I have the following problem. The primal basis of choice on triangles/tetrahedra is Dubiner basis and uses Jacobi polynomials. When I evaluate this basis, some entries in the Vandermonde matrix are nearly zero ( ~ 10^-17), but it appears that they should be in fact exactly zero. Later on, when I use the Vandermonde matrix to compute the values of Lagrange shape functions, some of the resulting values are again slightly perturbed. The consequence of this is that the sum of all Lagrange shape functions at certain points is not exactly 1, and the sum of derivatives is not exactly 0.
I am wondering if anyone has ever encountered a problem like this and if there's a remedy.

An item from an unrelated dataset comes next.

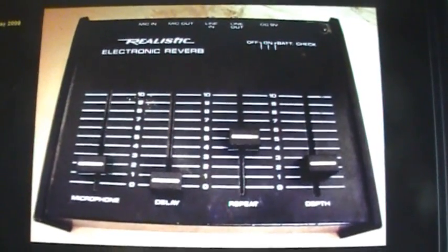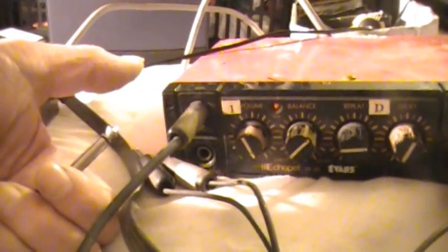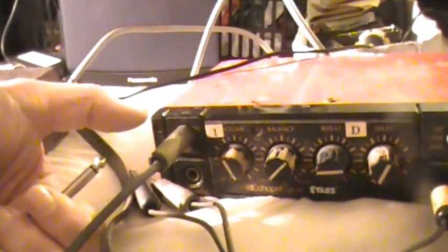After having seen what someone made their electronic reverb sound like when they forced it into behaving like an audio generator, you could do much the same sort of thing with an echo unit from the 1980s called the Evans Echo Pet. But first I ought to say that if you send your echo unit into overload with the idea of making it sound like an audio generator, you're quite likely to fry the circuitry inside.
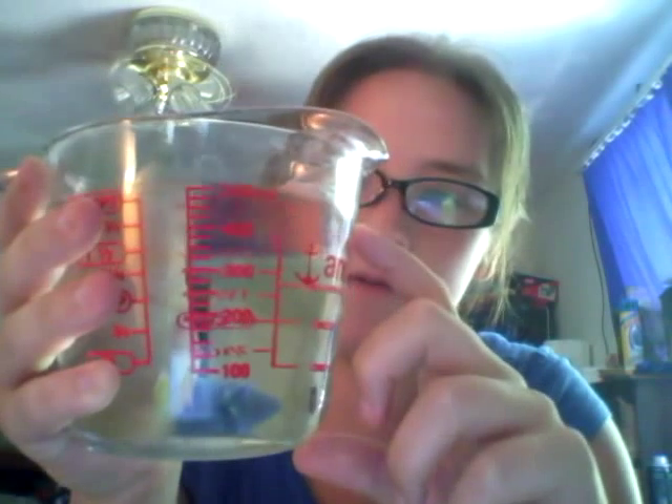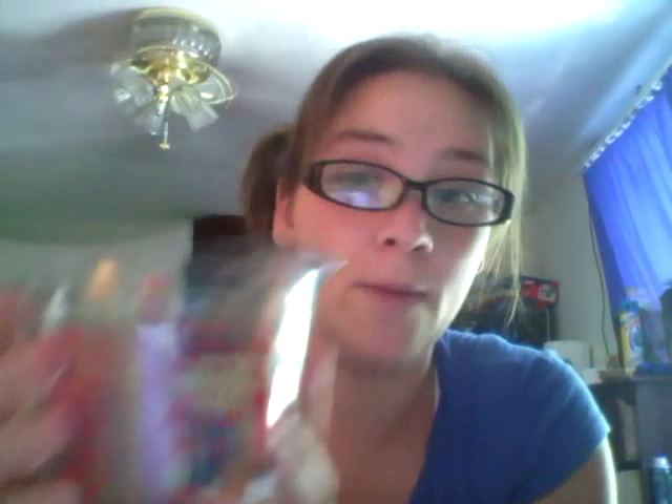I already made enough here — I have two cups, so I probably won't use all of this because of the bottle that I'm using. I'm going to use a 20 ounce bottle. I'll show you it now — this is what I'm using. It's a Mountain Dew bottle, and you're going to want to fill it to about here whenever we get everything put together.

I searched in books and on google, but with no success. As I would like to use higher-order shape functions in a CFD code, I'm afraid that the errors in the shape function evaluation will introduce instabilities.
To give a bit of implementation details: I implemented the computation of Dubiner modes in C++ in two different ways:
a) 'direct' implementation using a recursive formula for Jacobi polynomials as explained in [1] and [2]. This is known to fail at the vertex (-1,1) of the reference triangle due to a singularity in the collapsed coordinate transformation.
b) a 'workaround' implementation described in [3]. In accordance with the observations made in this paper, the errors obtained by b) are slightly smaller than in case a).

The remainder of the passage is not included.